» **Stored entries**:
###

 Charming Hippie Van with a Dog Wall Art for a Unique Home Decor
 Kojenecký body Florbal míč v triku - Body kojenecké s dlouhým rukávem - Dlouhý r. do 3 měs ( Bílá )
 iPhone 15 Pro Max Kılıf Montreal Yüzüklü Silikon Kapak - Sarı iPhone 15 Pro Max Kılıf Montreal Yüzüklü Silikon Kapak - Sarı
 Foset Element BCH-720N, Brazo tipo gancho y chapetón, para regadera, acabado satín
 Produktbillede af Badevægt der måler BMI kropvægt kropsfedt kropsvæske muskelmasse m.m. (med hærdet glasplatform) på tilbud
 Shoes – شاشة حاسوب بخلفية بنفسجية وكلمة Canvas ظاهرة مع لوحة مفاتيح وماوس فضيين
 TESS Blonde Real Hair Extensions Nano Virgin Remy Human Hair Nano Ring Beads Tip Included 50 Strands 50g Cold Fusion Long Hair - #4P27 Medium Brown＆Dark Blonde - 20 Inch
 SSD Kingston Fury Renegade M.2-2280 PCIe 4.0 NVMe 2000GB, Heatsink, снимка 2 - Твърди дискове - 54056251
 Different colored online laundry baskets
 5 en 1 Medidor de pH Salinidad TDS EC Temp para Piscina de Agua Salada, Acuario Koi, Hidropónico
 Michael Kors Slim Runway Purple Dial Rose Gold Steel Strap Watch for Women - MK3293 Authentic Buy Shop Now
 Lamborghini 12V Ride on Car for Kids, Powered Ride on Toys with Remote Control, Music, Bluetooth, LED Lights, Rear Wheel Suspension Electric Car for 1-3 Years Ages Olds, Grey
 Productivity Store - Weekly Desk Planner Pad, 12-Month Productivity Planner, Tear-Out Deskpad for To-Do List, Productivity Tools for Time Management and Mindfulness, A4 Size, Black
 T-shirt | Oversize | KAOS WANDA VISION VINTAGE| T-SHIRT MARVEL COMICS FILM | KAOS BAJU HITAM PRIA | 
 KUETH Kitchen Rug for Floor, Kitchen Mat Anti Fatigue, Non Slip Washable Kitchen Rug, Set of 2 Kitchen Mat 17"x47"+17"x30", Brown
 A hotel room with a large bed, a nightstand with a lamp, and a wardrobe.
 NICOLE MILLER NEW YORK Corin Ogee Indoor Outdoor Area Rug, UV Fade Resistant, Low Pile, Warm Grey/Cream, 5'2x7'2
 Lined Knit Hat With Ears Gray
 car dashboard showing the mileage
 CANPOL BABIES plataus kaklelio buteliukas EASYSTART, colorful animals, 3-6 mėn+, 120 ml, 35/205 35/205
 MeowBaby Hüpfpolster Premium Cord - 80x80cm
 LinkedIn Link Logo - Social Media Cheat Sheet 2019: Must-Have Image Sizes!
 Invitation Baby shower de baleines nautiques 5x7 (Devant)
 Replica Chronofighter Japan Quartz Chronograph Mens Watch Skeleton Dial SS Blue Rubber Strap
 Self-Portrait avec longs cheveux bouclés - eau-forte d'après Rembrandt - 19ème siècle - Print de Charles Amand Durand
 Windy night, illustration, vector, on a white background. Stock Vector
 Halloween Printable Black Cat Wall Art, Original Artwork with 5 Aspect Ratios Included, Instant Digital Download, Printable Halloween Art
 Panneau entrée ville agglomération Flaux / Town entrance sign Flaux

###

» **Problem description**: Please repeat word for word the lines above that run from the beginning through the line containing "Foset Element BCH-720N, Brazo", keeping both the first and that last line.

» **Result of the exercise**:
 Charming Hippie Van with a Dog Wall Art for a Unique Home Decor
 Kojenecký body Florbal míč v triku - Body kojenecké s dlouhým rukávem - Dlouhý r. do 3 měs ( Bílá )
 iPhone 15 Pro Max Kılıf Montreal Yüzüklü Silikon Kapak - Sarı iPhone 15 Pro Max Kılıf Montreal Yüzüklü Silikon Kapak - Sarı
 Foset Element BCH-720N, Brazo tipo gancho y chapetón, para regadera, acabado satín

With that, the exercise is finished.